* [TASK TO CARRY OUT] In the entries below, find the line containing "Honda Accord 1.5" and the line containing "Salongbord Sofabord Tre 3 stk flerfarget". Copy those two lines and everything between them exactly, without the pictures.

* [SOURCE MATERIAL]
* * *
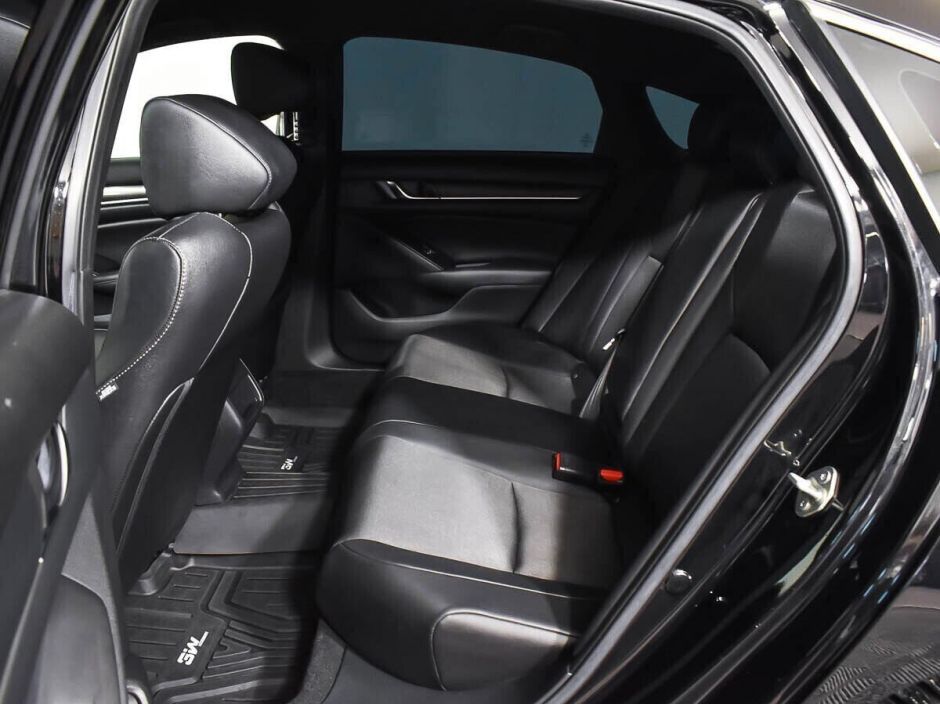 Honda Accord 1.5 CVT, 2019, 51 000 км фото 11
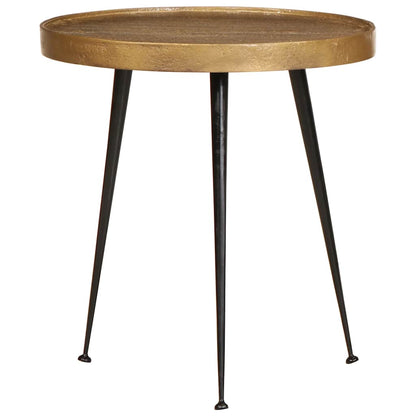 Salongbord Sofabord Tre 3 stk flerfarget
* * *
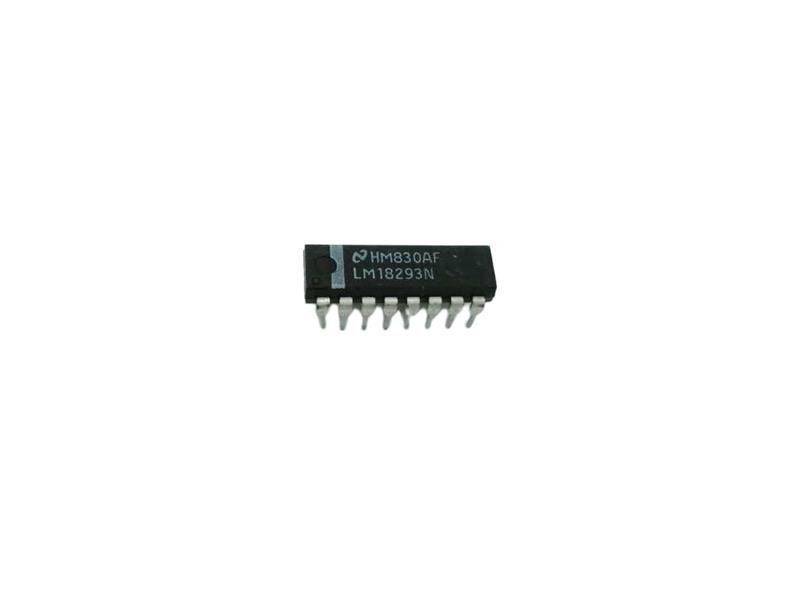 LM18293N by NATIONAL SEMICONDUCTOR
* * *
* [EXERCISE ANSWER]
 Honda Accord 1.5 CVT, 2019, 51 000 км фото 11
 Salongbord Sofabord Tre 3 stk flerfarget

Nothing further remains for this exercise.